SINGAPORE, Nov. 26, 2017 /PRNewswire/ — Kenon Holdings Ltd. (“Kenon”) (NYSE: KEN; TASE: KEN) announces that Inkia Energy Limited (“Inkia”), a wholly-owned subsidiary of IC Power Ltd. (“IC Power”), has entered into an agreement (the “SPA”) to sell all of its Latin American and Caribbean businesses (the “LatAm Businesses”) for cash consideration of $1,177 million plus excess proportionally consolidated group cash at closing above $49.9 million (as of September 30, 2017, Inkia’s proportionally consolidated group cash was approximately $192 million) to I Squared Capital (the “Buyer”), an infrastructure private equity firm.
The initial purchase price is subject to a number of adjustments, including for changes in working capital and outstanding debt at closing compared to June 30, 2017, and an upward adjustment to the extent Inkia’s proportionally consolidated group cash at closing exceeds $49.9 million.
As part of the transaction, the Buyer will assume Inkia’s $450 million of bonds, which were issued in November 2017.

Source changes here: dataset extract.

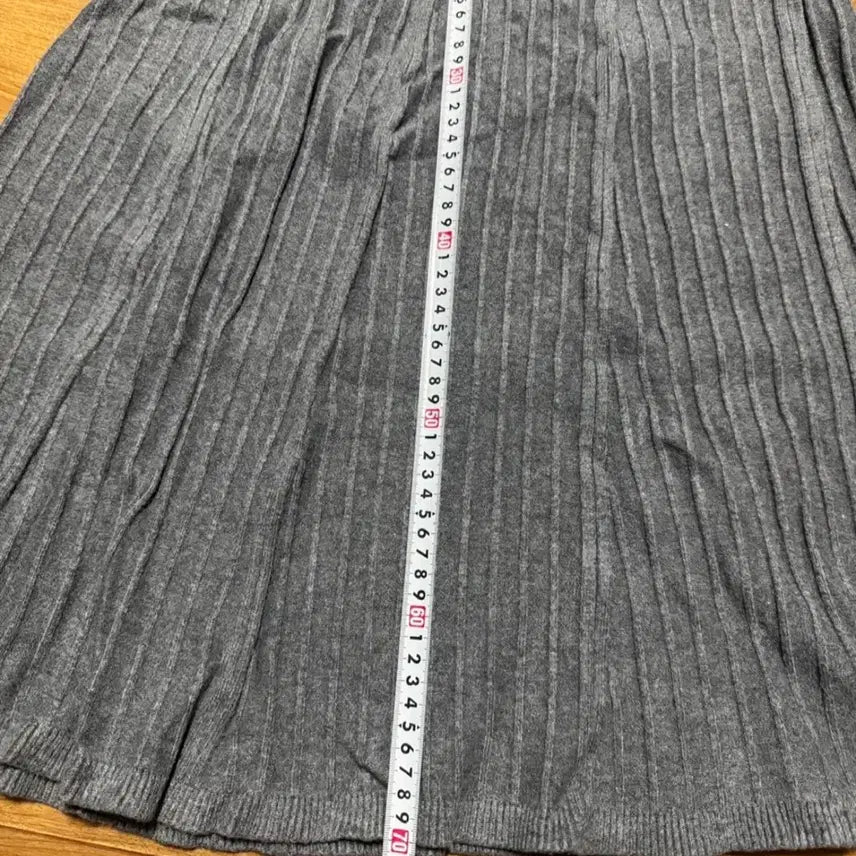 [BUNJANG] Basic Ribbed Knit Long Skirt Gray / 골지 니트 롱 스커트 회색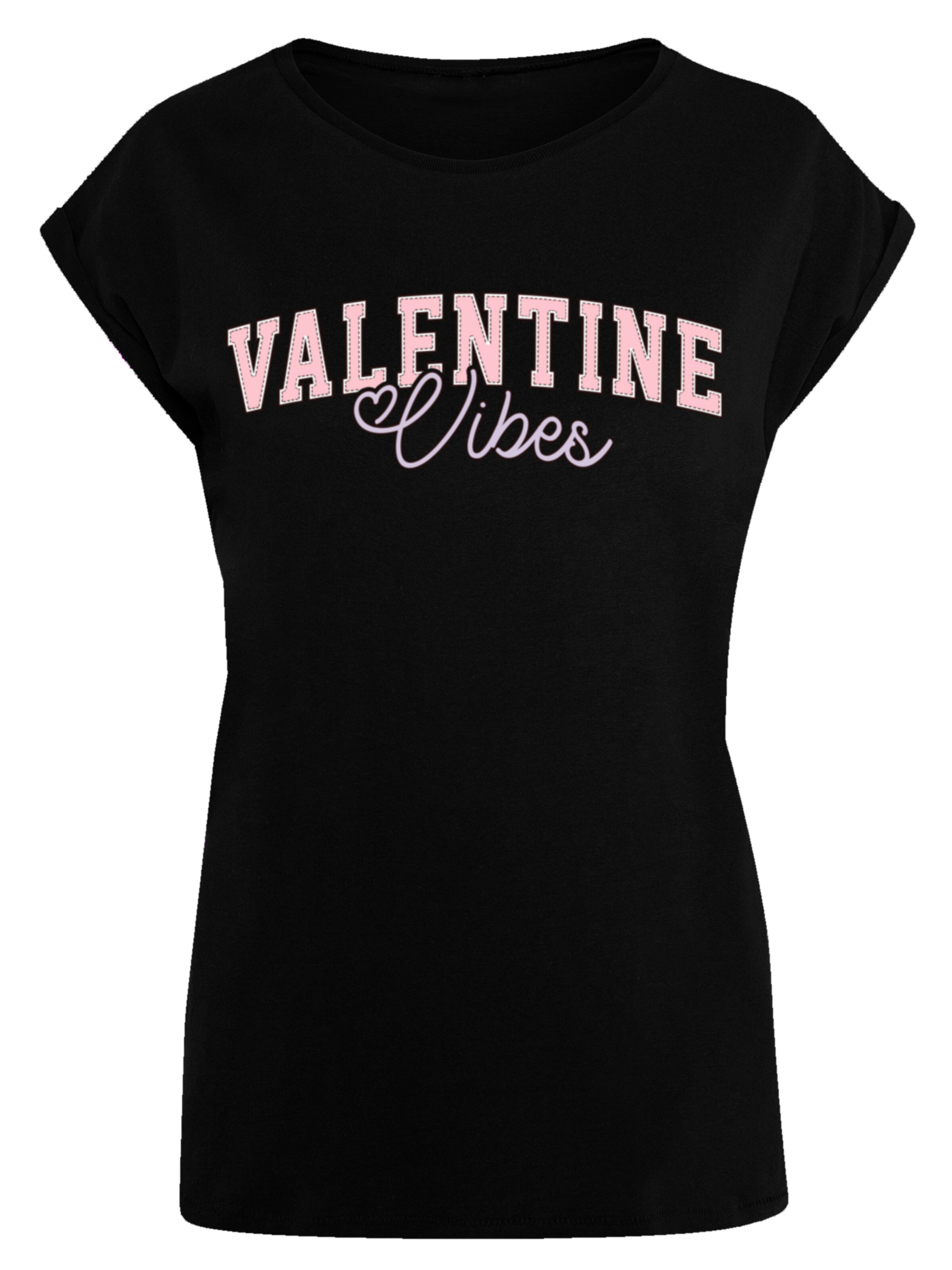 F4NT4STIC T-Shirt 'Valentinstag Valentine Vibes' in Schwarz: Vorderseite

The sale is part of Kenon’s strategy to provide its shareholders with direct access to its businesses, including through monetization of its businesses. The transaction includes only the LatAm Businesses. IC Power’s Israeli asset OPC Energy Ltd. is not being sold as part of the transaction.
The SPA contains customary representations, warranties and covenants, including covenants relating to the operations of Inkia’s LatAm Businesses during the period between signing of the SPA and closing. Inkia and the Buyer have agreed to indemnify each other for losses arising from certain breaches of representations and warranties in the SPA and for certain other liabilities, subject to time and amount limitations. Inkia’s indemnification obligations under the SPA will be secured by a pledge of 25% of the shares of OPC Energy Ltd. (TASE: OPC) and a corporate guarantee from Kenon, both for a period of three years. In addition, the transaction will include a deferral of $175 million of the purchase price in the form of a four-year $175 million deferred payment obligation accruing 8% interest, payable in kind, which can be used to set off against Inkia’s indemnification obligations to the Buyer.
The transaction is subject to customary closing conditions, including the receipt of consents under debt facilities and other agreements, the absence of a “Material Adverse Effect” and the delivery of various closing documentation; there are no conditions for financing or anti-trust approval. The transaction is expected to close within the next several months.